The Summer of Friends

Now I know I have good friends. Not lots and lots of them, but the ones I have are solid and they have seen me through some stuff!  But this summer, I truly began to understand their greatness. I owe them. Big time.

I’m the friend that keeps disappearing. And everytime I come back, I need more of their help and support to keep it all together.

Life as an expat is great fun.  But returning ‘home’ is hard. Harder than I ever really understood.

We no longer have a car, or a house back at ‘home’. So we needed to get a car, and a place (or two) to stay.  With 3 small, loud, untidy, unruly kids and a pile of suitcases, a small car doesn’t quite crack it and we are less than an ideal houseguest.

But, as they say (& as I have begun to preach…) “Ask, and you shall receive…”

A big enough car was available to us, miraculously.  One of the wonderful friends was able to get the car somewhere useful for us (their house!) – and so we could just descend on them once we were off our flight. Let the kids run wild for a while. Enjoy a cup of tea. Get some help loading the car. And then just disappear off into the night – leaving the chaos behind us.

I got to be cheeky and suggest a proper barbecue catch up with them the next day… which they got to host. With more food than would feed an army and more good humour than ever thought possible – for having been so wonderfully ‘dropped in it’.

My oldest friends had moved house. Had two spare bedrooms and enough mattresses for all the kids to be catered for.  We took over their house for 3 weeks.  If I’m being generous to myself I could say we were ‘house-sitting’ while they went on holidays for a while.  But if I were being honest, I’d say I was chancing my arm and banking on two decades of friendship to see us through the noise and the mess and the sheer chutzpah of my request.

Then there’s the friend with the seaside cottage – who greeted us with smiles and laughter – and then dealt with the littlest one’s over excitement of peeing herself the moment she walked into the house (just after I had left to go collect Daddio from the station.)  Buckets, spades, body boards, flip-flops, ice creams – plus the repatriating of all the things we ‘left behind’.  The kids toys, the forgotten about laundry, my watch!

The list goes on and on – ending with a last night bedroom provision, a beautiful roast dinner, a bottle of Bollinger (well, I was turning 40) and a 430am wake up call – that quite clearly is not quiet when it involves a 7, 5 & 2yr old.

I cried when I left their house in the taxi, airport bound.   Not for leaving the place, lovely as it is, as such.  But for leaving such friendship.

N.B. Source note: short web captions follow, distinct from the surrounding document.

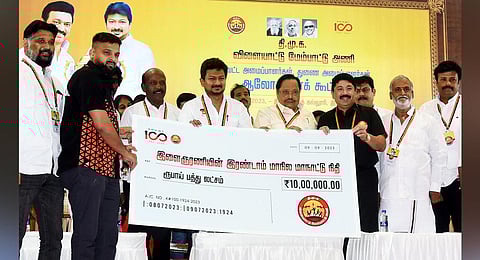 Sports Minister Udhayanidhi Stalin and senior leaders at the DMK’s sports wing office-bearers meeting  in Chennai. (Photo | P Ravikumar)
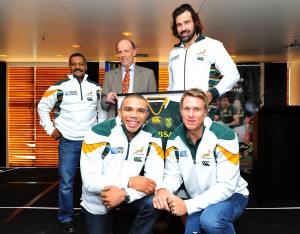 Springboks, Victor Matfield, Bryan Habana, Jean de Villiers & Pieter de Villiers RWC2011
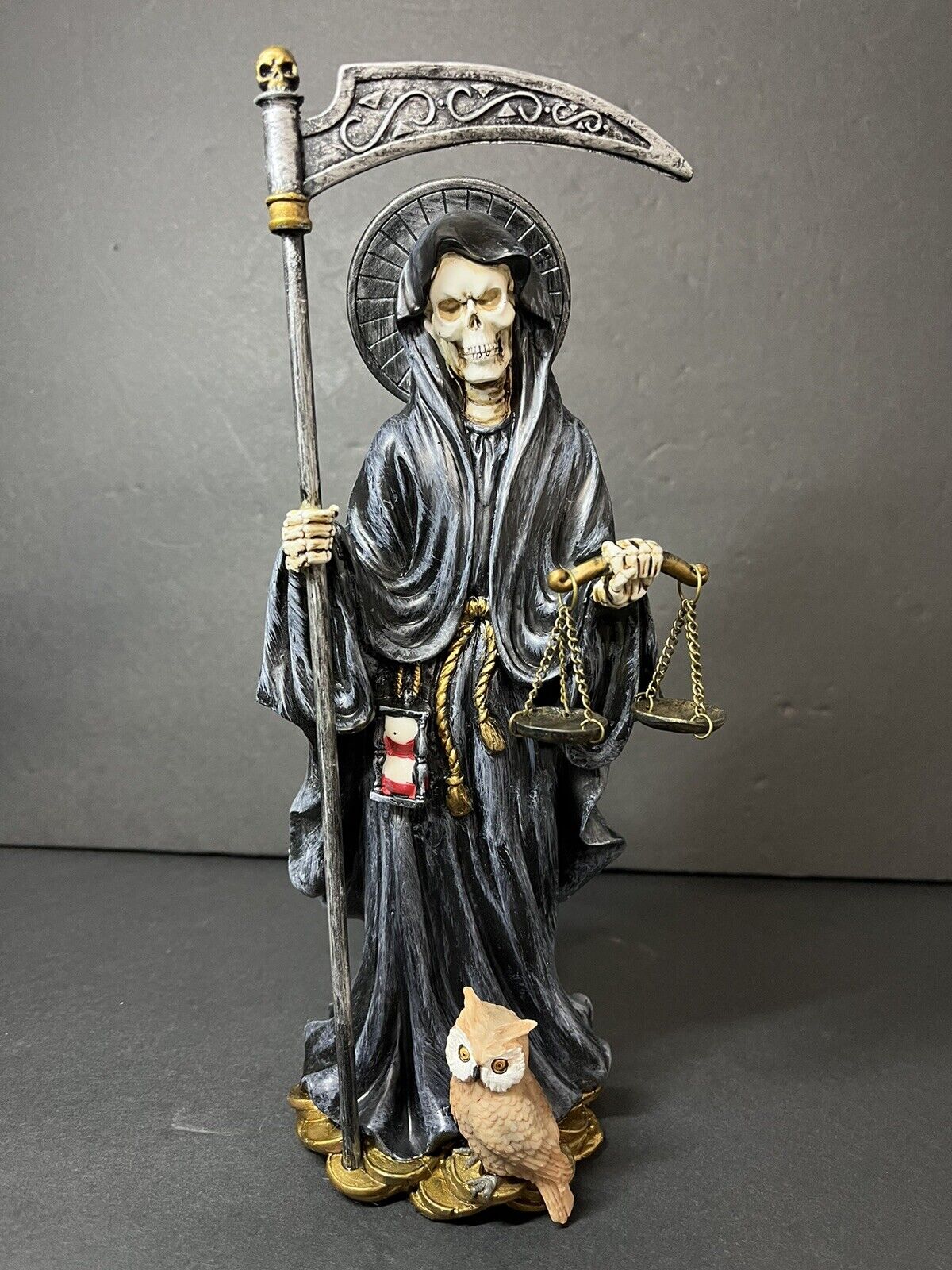 Santa Muerte 10'' Black Gown Figurine Death ,Statue 15243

Such kindness. Time, effort, care, food, wine, space – all given without a comment about the personal cost to them, of which I’m sure there was plenty.

With family, there is more of an ‘obligation’ to provide this level of support.  (And believe me, it is still appreciated. I know the chaos we cause whatever we arrange, and wherever we turn up!)

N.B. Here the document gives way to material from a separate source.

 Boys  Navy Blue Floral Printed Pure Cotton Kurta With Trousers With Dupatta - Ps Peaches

With friends – it’s done, and received, out of love.

What else I learnt about Friends

I also learnt that its much easier than I thought to ‘claim’ friends.

I’ve never been the most sociable of people. A little anxious and nervous around people I don’t really know.

But by coming back for a short period of time, and wanting to fill it (for me, and for the kids) with as much fun as possible, I had to reach out to people I vaguely knew. That I used to know – but not that well – and make plans. Claim their attention and their time – so that the kids could see their old friends and create their own world and memories.

So we saw old school friends, Old nursery friends. Old friends of friends. Old old friends who have moved away and it would have been easy to not see really but…

And I got to see my little ones stepping straight back into old friendships. Not fazed by the weeks / months / years apart.  Just picking up the conversation where they left on and moving forward.  Making plans for what other greatness they could create together. (There is a sideline Star Wars movie in the making as we speak… it should be complete within the next 4 years or so I’ve been told.)

And it made me realise that friendship can be easier than I sometimes make it out to be.

And so that is what I bring back with me to Shanghai – after my summer of friends.  A plan to be that little bit braver with my offering and claiming of friendship here.